In a scenario where good CRM would have been implemented, then there would be communication throughout the aircraft to prepare the passengers, and the captain wouldn’t have decided to make a decision alone. Instead, the whole crew should have been involved in the situation, and together they would freely express themselves in the best way possible to avert human error during the entire crisis as seen earlier when they noticed fog patches on the runway. Good CRM emphasizes on collective responsibility in those in the cabin. Bad CRM results to tragic escapades either knowingly or unknowingly, for instance in EAL 147 the pilot carelessly lean on a yolk, and its result was disastrous. In this particular case study, it is evident that there was an inconsistent flow of information among the crew members. Moreover, the pilot and captain had limited communication thus resulted to different action plans amongst this two key members of the team, there poor CRM didn’t provide other members with the opportunity to realize default in the whole movement before the crash. From an investigation, it was found that the crew had failed to observe the company’s operation manual, and they had a little background when it came to CRM (Helmreich & Davies, 1996). The belittled CRM didn’t allow them to monitor the flight path as required; On the detection of the mishap; it should have attracted a CRM that would affect corrective measures on board that didn’t come to happen (Sexton & Helmreich, 2003). 

It is evident that the plane lacked proper leadership the pilot should have been a good leader and served the rest of his crew with information that would help come up with direction and an elaborate action plan all the same to evade the ugly scene. The captain’s actions are a clear indicator of confusion and panic which would have been evaded suppose they had adequate knowledge of CRM since they would have put their heads together to come up with one solution for the same problem. Good CRM promotes ethical ways to problem-solving, and it encourages promptness and objectivity during a crisis (Cooper et al., 1980). 


CRM remains a very significant tool to manage and control human error in the aviation industry since its inception it has played a very vital role in air safety. CRM is about teamwork, situational awareness, effective communication and a way to decision making. Good CRM has resulted in life-saving activities in the aviation industry from the case studies where it has been employed. Degrading CRM results to no good in the airline industry, it leads to confusion and lack of standard action plan Bad CRM leads to fatalities and destruction of property due to simple human errors that are at times can be evaded. In the aviation industry then CRM should remain mandatory ad it is a solution to the usual human errors committed during travels on air. CRM could evolve further to precision and avoid human error through practical training and motivation to those that apply to maximize safe travels by air. In my opinion, it should be taught gradually and more suitable approaches taken during its teaching and learning CRM could also go further to have its principal focus taught in other courses of study to affect its applications in everyday activity in society.

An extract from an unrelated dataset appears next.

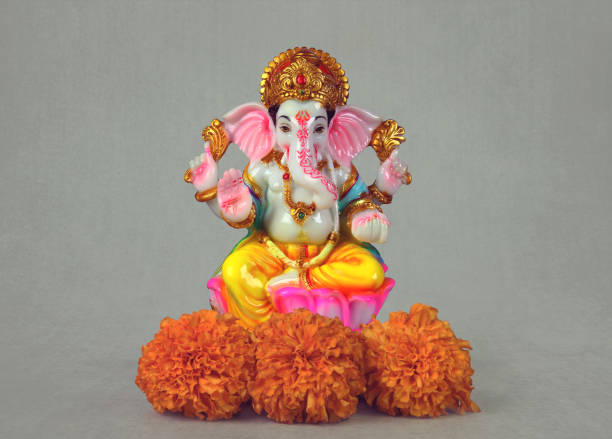 istock Hindu God Ganesha 872657344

The genesis of cockpit resource management is the high probability of human error during flight. The greatest concern is the loss attached to such errors. Proper management of resources to ensure safety all the time is the sole mission of CRM. The cockpit team has the advantage of enhancing their communication skills as well as interpersonal abilities. The members of the troop always have different technical know-how, for this reason, they must have proper and basic means of communicating without causing confusion. The roles of every person must be considered vital for smooth operation. The training aims at ensuring all the members of plane cockpit can handle any situation comfortably. Achievement of the objectives of the training reduces the occurrence of tragedies ultimately making air travel more desirable. CRM aims at improving safety during flight, improving communication in the cockpit, having sane leadership for the aircraft crew and making proper decisions in case of any dangerous conditions. In a nut shell, CRM covers all aspects of air travel.